Lung was the most frequent site of synchronous metastases, followed by liver, while brain metastases were relatively uncommon. Patients with bone-only metastases showed the longest mean survival time (35.87 months, p < 0.001), followed by patients with bone and lung metastases (30.74 months, p < 0.001). Patients with bone and liver metastases had the shortest mean survival time (17.39 months, p < 0.001). Age > 70 years, unmarried status, high tumor grade, prostate-specific antigen (PSA) > 50 ng/ml, and Gleason score ≥ 8 were associated with poor OS (all p < 0.01). Asian or Pacific Islander ethnic background was associated with a favorable OS (all p < 0.01). Chemotherapy improved OS in patients without brain metastases (all p < 0.05). For patients with bone-only metastases, radical prostatectomy (RP) (HR, 0.339; 95% CI 0.231-0.495; p < 0.001), brachytherapy (BT) (HR, 0.567; 95% CI 0.388-0.829; p = 0.003), and chemotherapy (HR, 0.850; 95% CI 0.781-0.924; p < 0.001) were associated with prolonged OS.

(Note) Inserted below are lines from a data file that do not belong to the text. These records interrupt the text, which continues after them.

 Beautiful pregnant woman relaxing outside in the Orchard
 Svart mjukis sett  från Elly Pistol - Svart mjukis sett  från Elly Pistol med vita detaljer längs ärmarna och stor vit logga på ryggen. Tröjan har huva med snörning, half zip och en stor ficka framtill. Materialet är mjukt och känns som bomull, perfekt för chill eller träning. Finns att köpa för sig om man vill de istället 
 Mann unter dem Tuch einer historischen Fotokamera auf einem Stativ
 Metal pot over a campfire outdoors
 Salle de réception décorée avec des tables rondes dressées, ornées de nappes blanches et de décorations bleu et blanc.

Age, race, tumor grade, PSA, Gleason score, sites of synchronous extra-skeletal metastases, as well as treatment modalities affected OS in newly diagnosed PCa patients with bone metastases. Synchronous liver metastases were associated with poor OS. Chemotherapy improved OS in patients without brain metastases. RP and BT improved OS in patients with bone-only metastases. Further investigation is warranted to validate these findings.